* **Work instructions**:
From the line containing "Bañador rojo NO" down to the line containing "Property at 3668", copy out the entries below exactly, both lines included, and nothing else; pictures do not belong in the copy.

»»

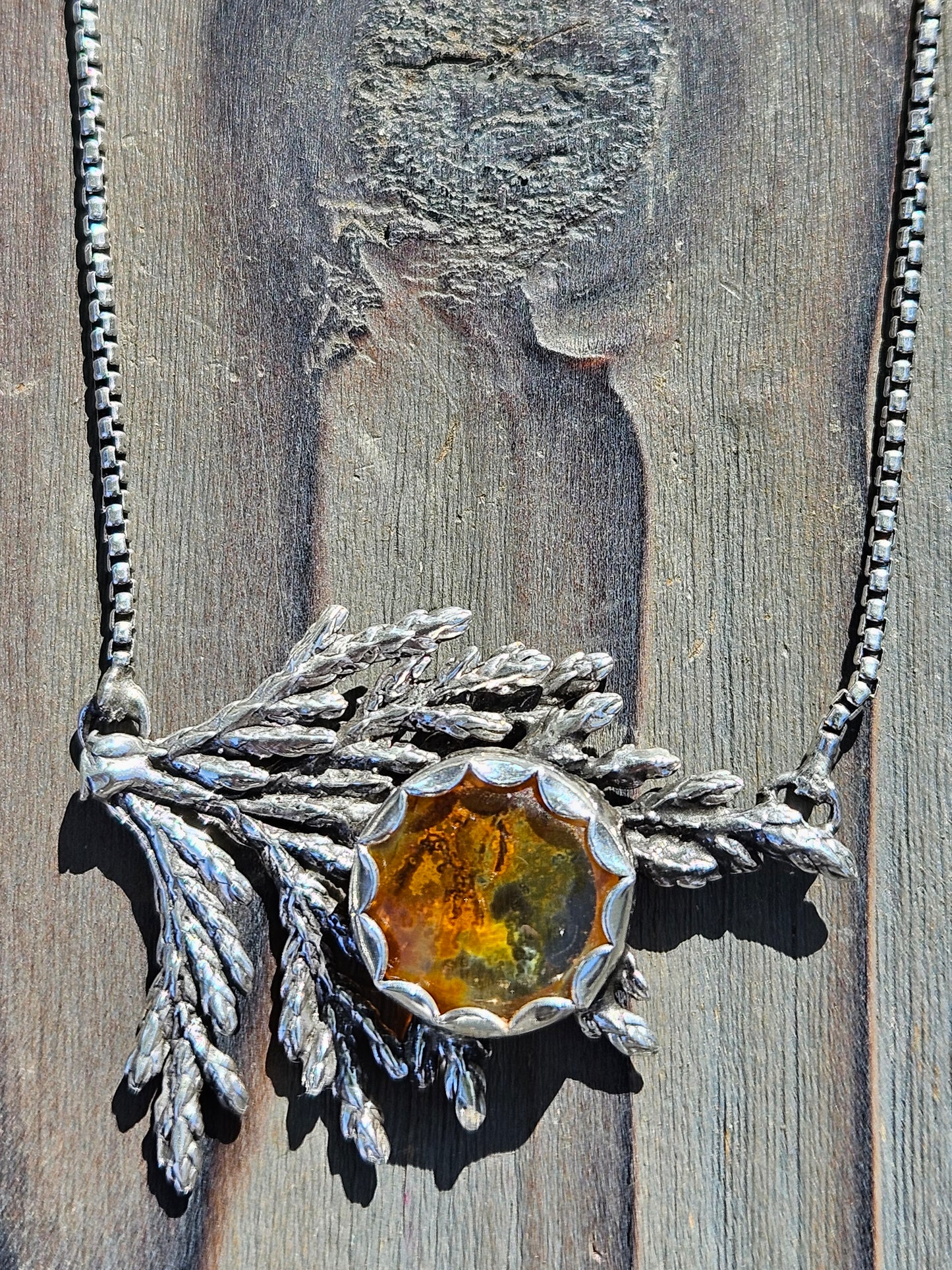 "Eye of Sauron" Iron Oxide Dendrite Quartz Cedar Necklace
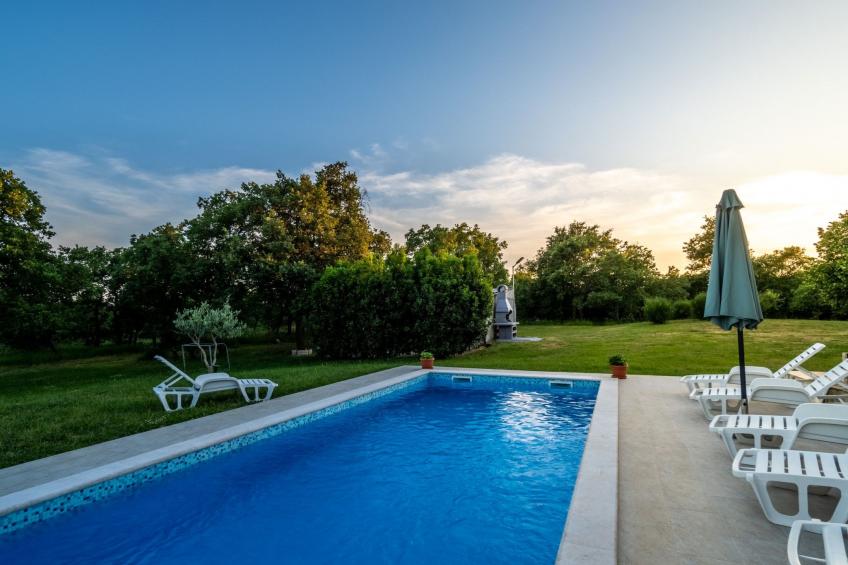 Schönes Haus mit großer grüner Umgebung, Pool - foto 38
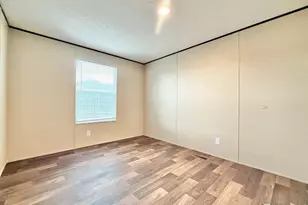 125 Birch St, Log Lane Village, CO 80705 - Photo 16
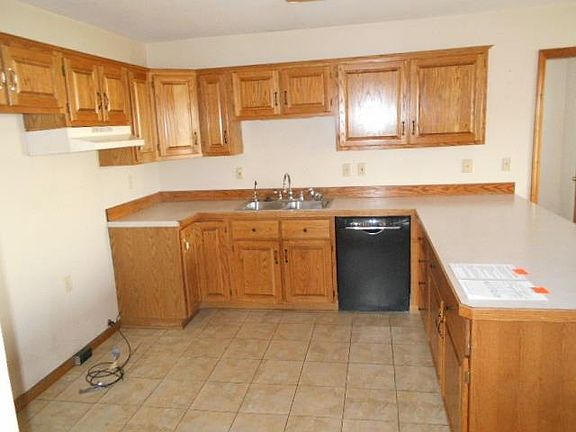 4th image of 593 12th St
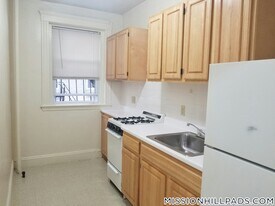 49 Worthington St, Unit 15 in Boston, MA - Building Photo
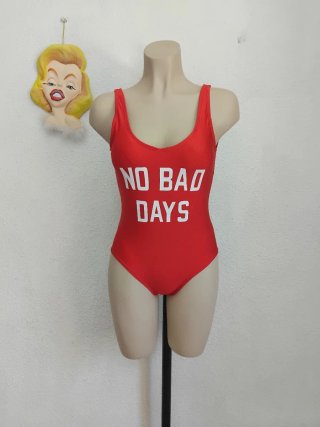 Bañador rojo NO BAD DAYS (No hay dias malos).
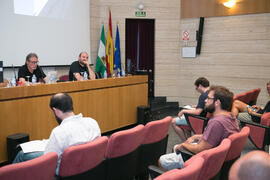 Santi Carrillo presenta la conferencia de Niño de Elche. Curso "Tres generaciones de la música Pop española". Cursos de Verano de la Universidad de Málaga. Málaga. Julio de 2018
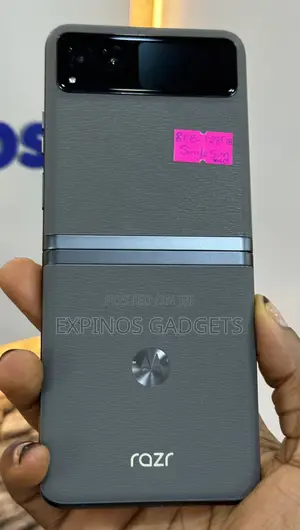 Motorola Razr (2023) 128 GB Gray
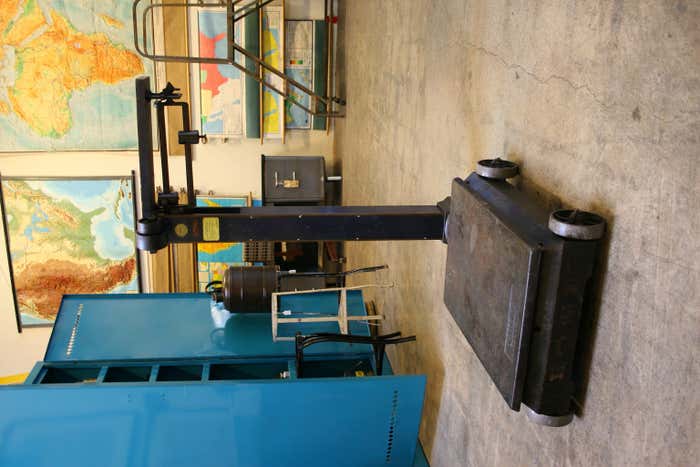 Antique Steam Punk Industrial Age Howe Platform Scale at 1stDibs ...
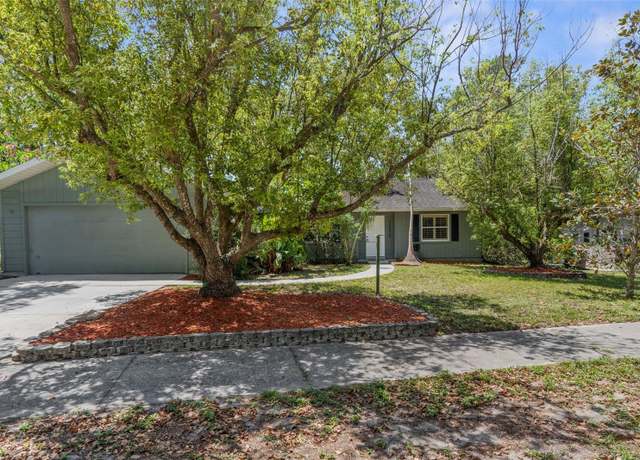 Property at 3668 Pond View Ln, Sarasota, FL 34235, 2 beds, 2 baths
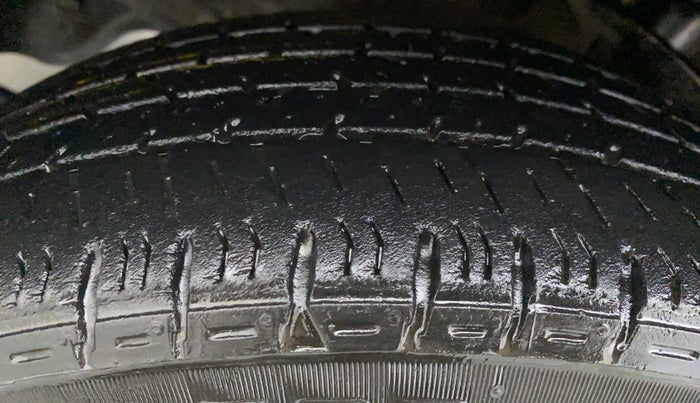 2016 Maruti Alto K10 VXI, Petrol, Manual, 17,881 km, Right Rear Tyre Tread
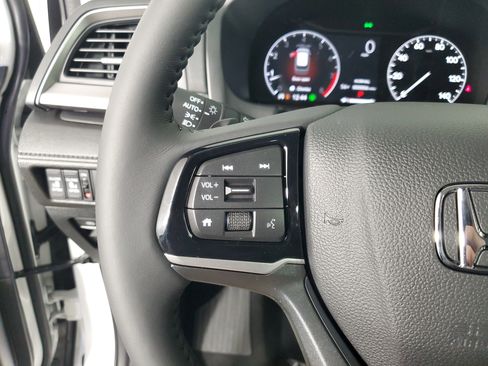 New 2026 Honda Odyssey EX-L image 28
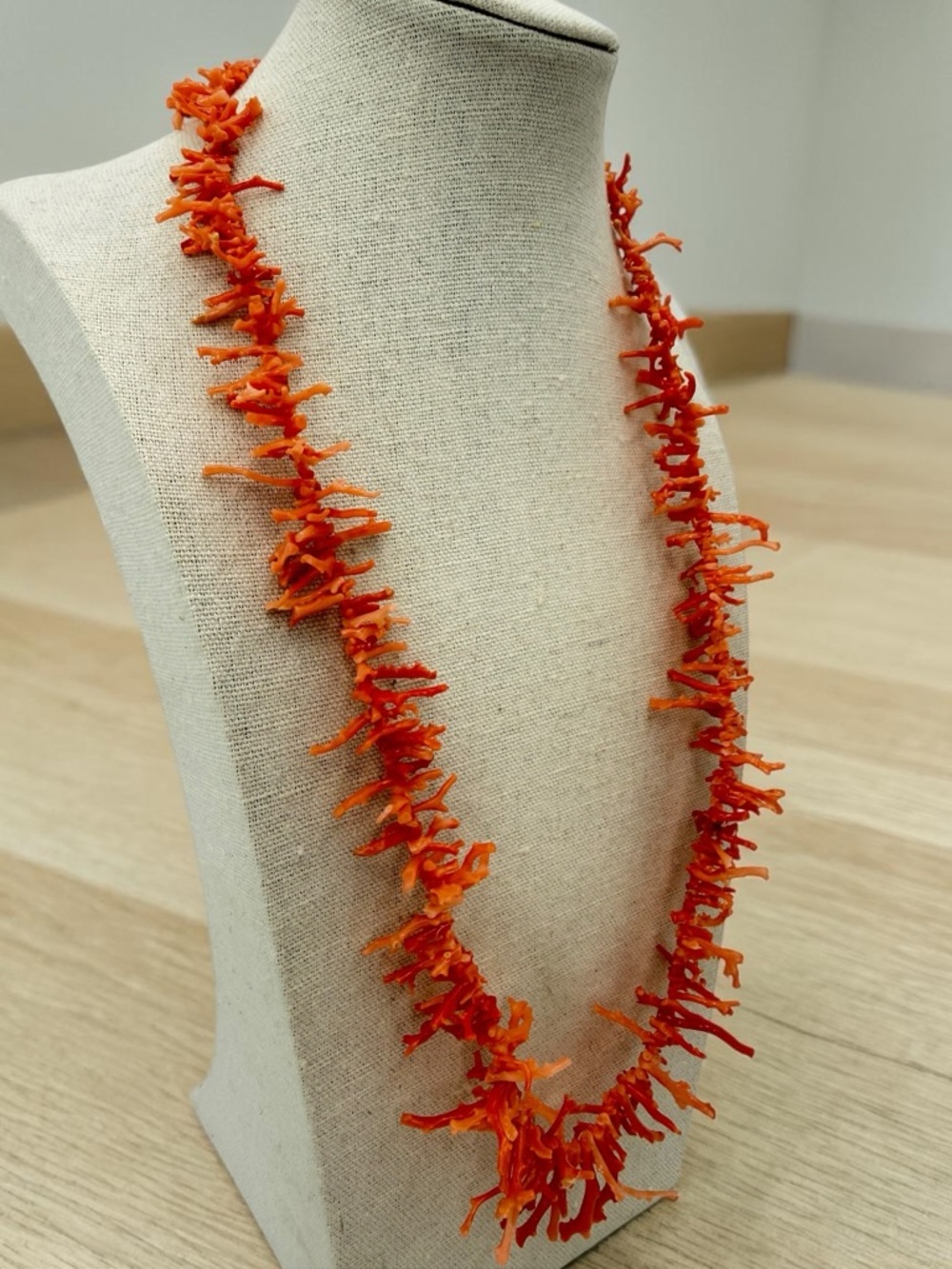 Vintage Angel Skin Branch Coral Necklace 22” Salmon Gold Hidden Clasp Boho Lux - Picture 7 of 17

««

* **Task output**:
 Bañador rojo NO BAD DAYS (No hay dias malos).
 Santi Carrillo presenta la conferencia de Niño de Elche. Curso "Tres generaciones de la música Pop española". Cursos de Verano de la Universidad de Málaga. Málaga. Julio de 2018
 Motorola Razr (2023) 128 GB Gray
 Antique Steam Punk Industrial Age Howe Platform Scale at 1stDibs ...
 Property at 3668 Pond View Ln, Sarasota, FL 34235, 2 beds, 2 baths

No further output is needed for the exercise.